- [PROBLEM] Without including any pictures, reproduce the full listing exactly.

- [DATA SHOWN]

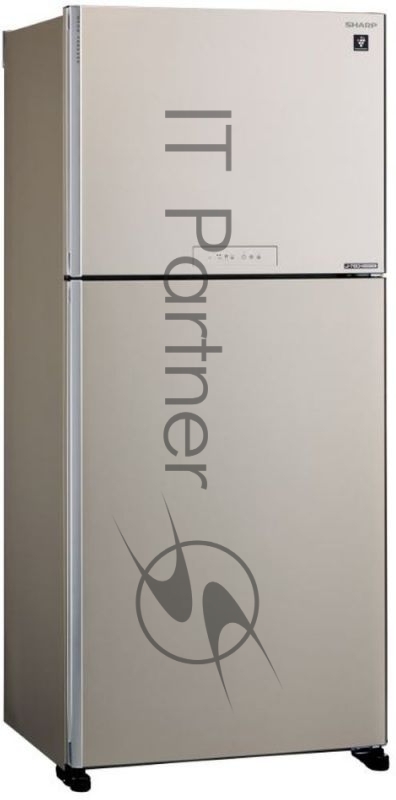Холодильник Sharp SJ-XG55PMBE / 187x82x74 см. 394 + 162 л, No Frost. A++ Бежевый.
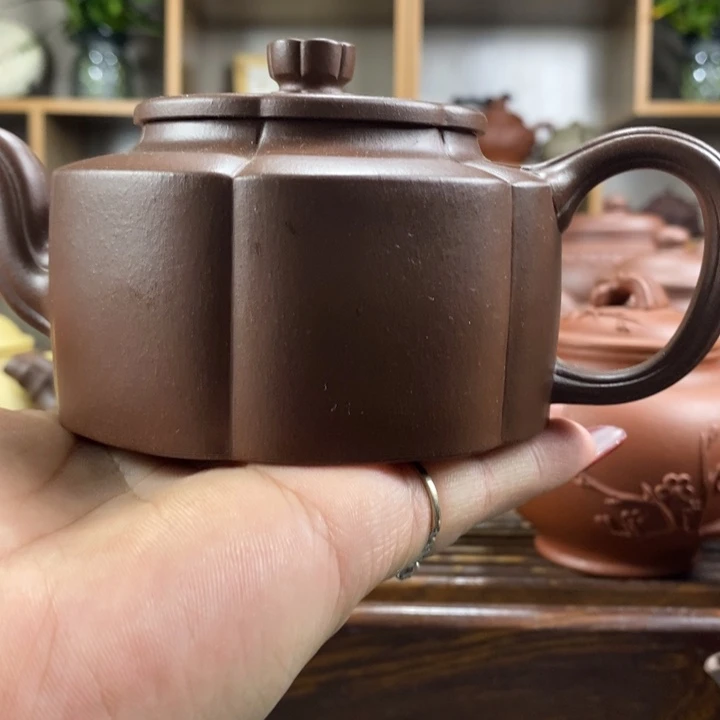 紫砂茶壶如****说原矿紫砂壶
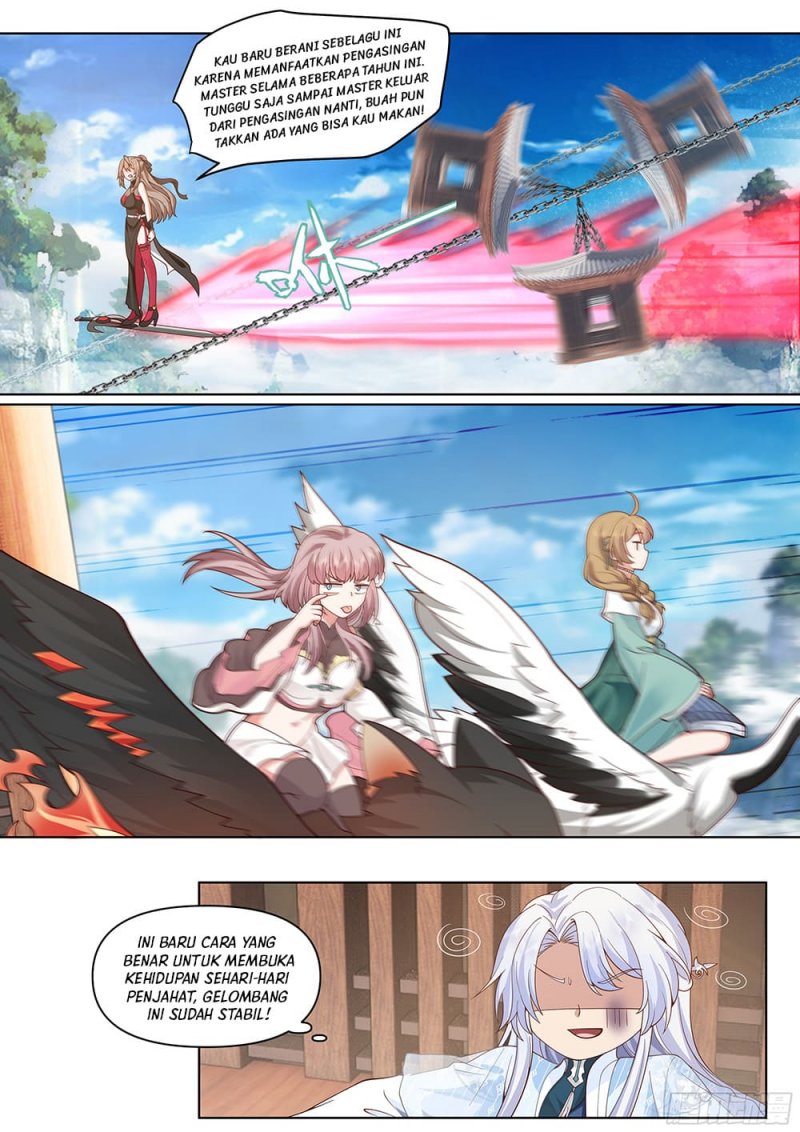 The Great Villain Senior Brother and All of His Yandere Junior Sisters Chapter 2 - halaman 2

- [ANSWER BOX]
Холодильник Sharp SJ-XG55PMBE / 187x82x74 см. 394 + 162 л, No Frost. A++ Бежевый.
 紫砂茶壶如****说原矿紫砂壶
 The Great Villain Senior Brother and All of His Yandere Junior Sisters Chapter 2 - halaman 2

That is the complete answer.